The lines from the one containing "Medeama presenting their" through the last one in the data: please copy those exactly, and only those, without the pictures.

Input data ▸
- Opening Delimiter -

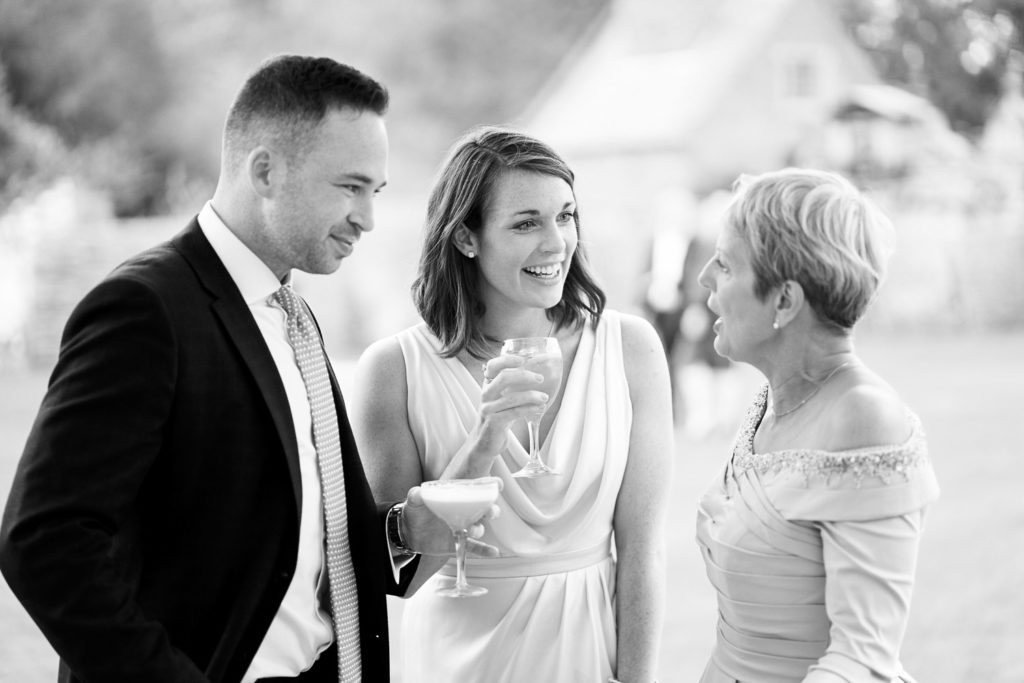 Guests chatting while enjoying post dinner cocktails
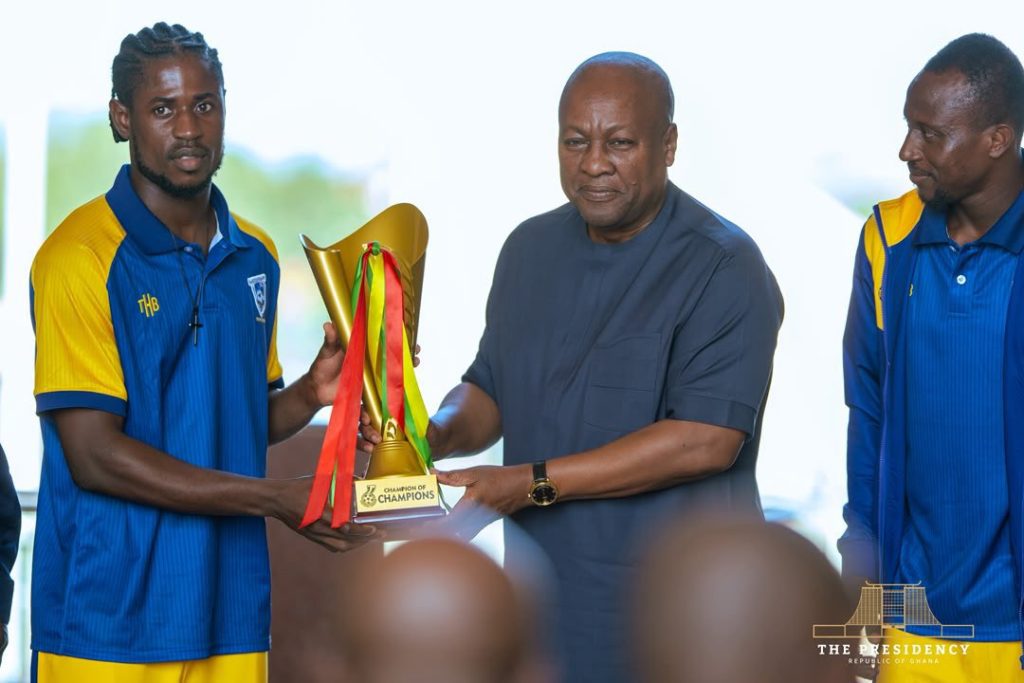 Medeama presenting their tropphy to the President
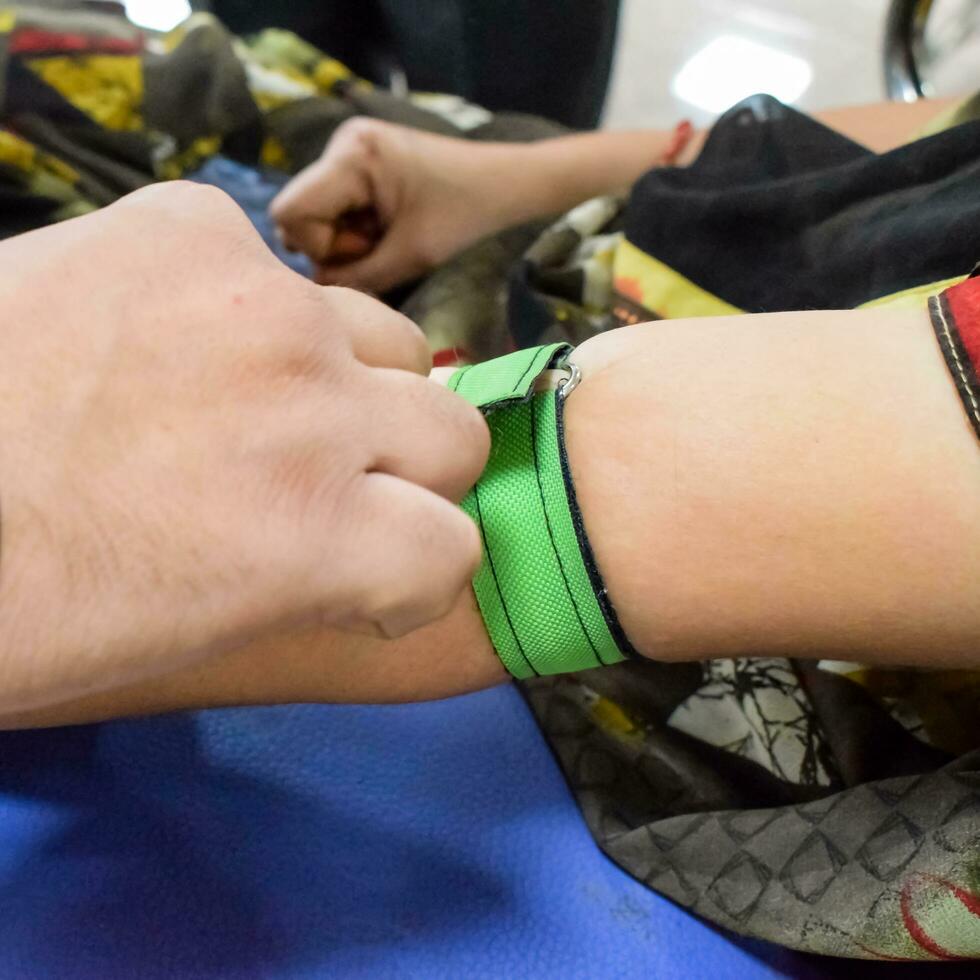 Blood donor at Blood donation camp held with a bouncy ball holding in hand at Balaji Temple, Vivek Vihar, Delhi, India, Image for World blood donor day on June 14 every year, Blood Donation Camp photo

- Closing Delimiter -

Answer box ▸
 Medeama presenting their tropphy to the President
 Blood donor at Blood donation camp held with a bouncy ball holding in hand at Balaji Temple, Vivek Vihar, Delhi, India, Image for World blood donor day on June 14 every year, Blood Donation Camp photo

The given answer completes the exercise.